Copy the data exactly as it appears, and do not include any pictures.

■ **Provided data**
== Segment start ==

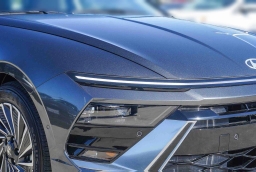 Hyundai Sonata Hybrid Limited FWD 2026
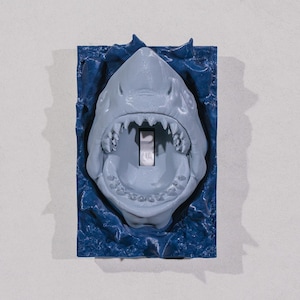 Couvercle d&#39;interrupteur pour phare Great White Shark | Conception unique de couvercle à bascule léger pour créature marine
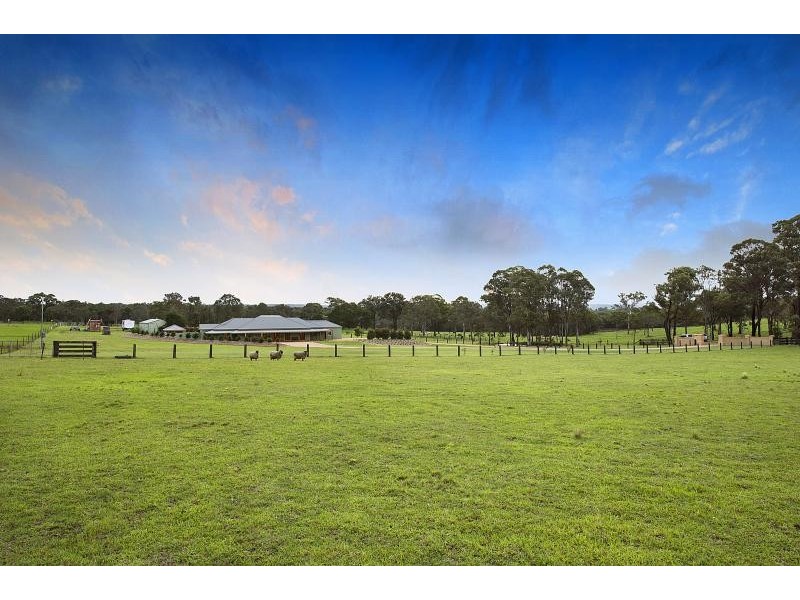 10 Hinkler Avenue, Bargo NSW 2574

== Segment end ==

■ **Solution to this task**
 Hyundai Sonata Hybrid Limited FWD 2026
 Couvercle d&#39;interrupteur pour phare Great White Shark | Conception unique de couvercle à bascule léger pour créature marine
 10 Hinkler Avenue, Bargo NSW 2574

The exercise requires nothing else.